* The problem
The output has to be the full set of records, reproduced exactly, minus any picture.

START Input records

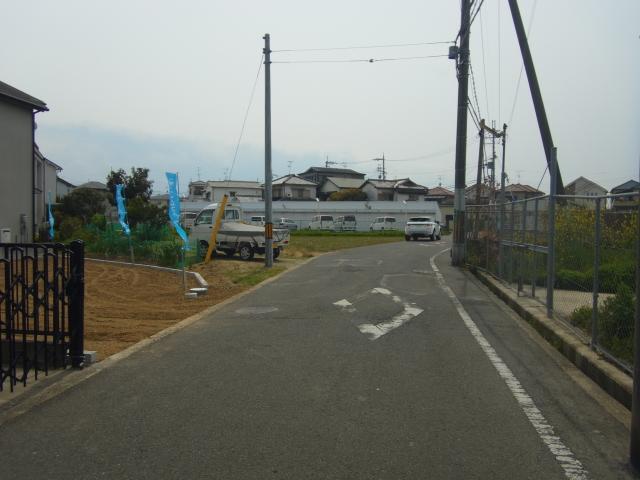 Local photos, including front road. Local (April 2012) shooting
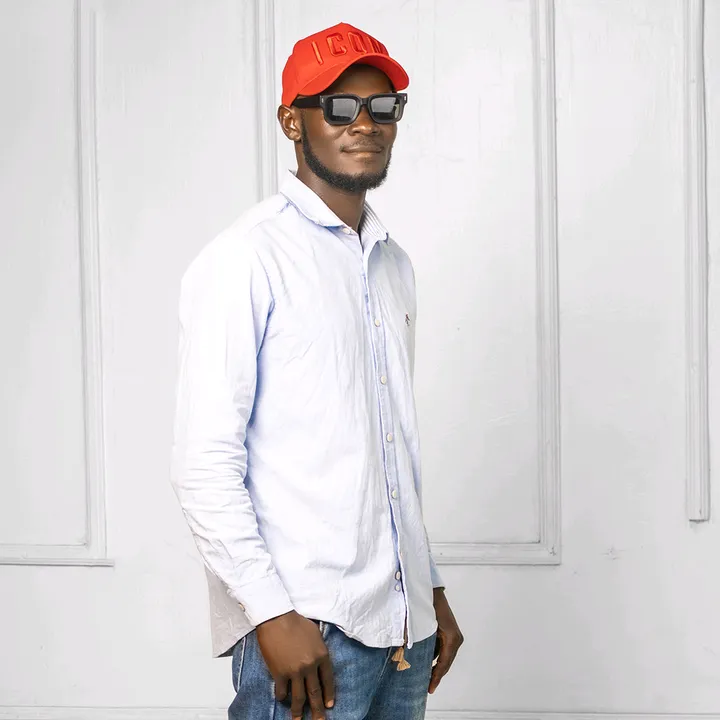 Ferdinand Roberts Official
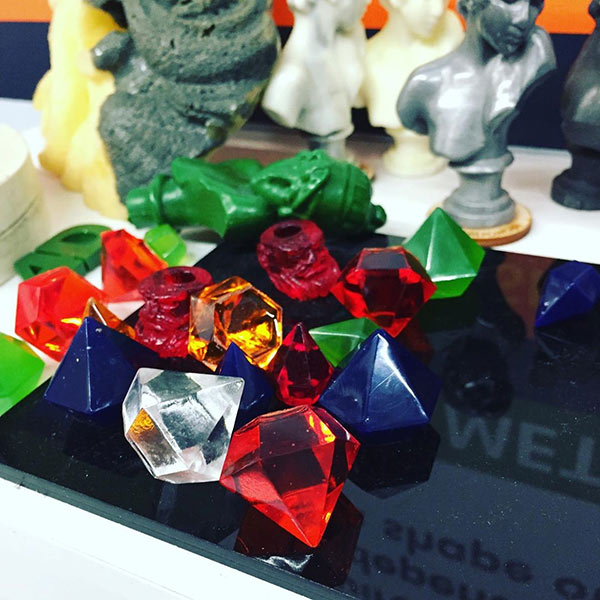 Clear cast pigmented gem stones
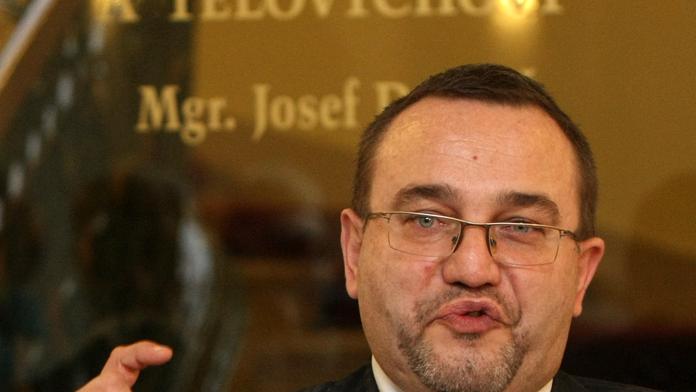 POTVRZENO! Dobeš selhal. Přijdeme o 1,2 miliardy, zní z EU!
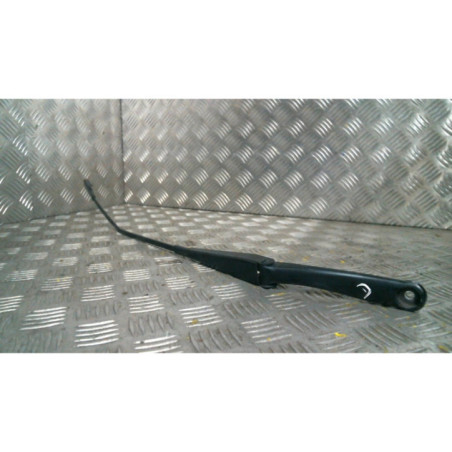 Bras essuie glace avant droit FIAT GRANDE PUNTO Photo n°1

END Input records

* Solution for this problem
 Local photos, including front road. Local (April 2012) shooting
 Ferdinand Roberts Official
 Clear cast pigmented gem stones
 POTVRZENO! Dobeš selhal. Přijdeme o 1,2 miliardy, zní z EU!
 Bras essuie glace avant droit FIAT GRANDE PUNTO Photo n°1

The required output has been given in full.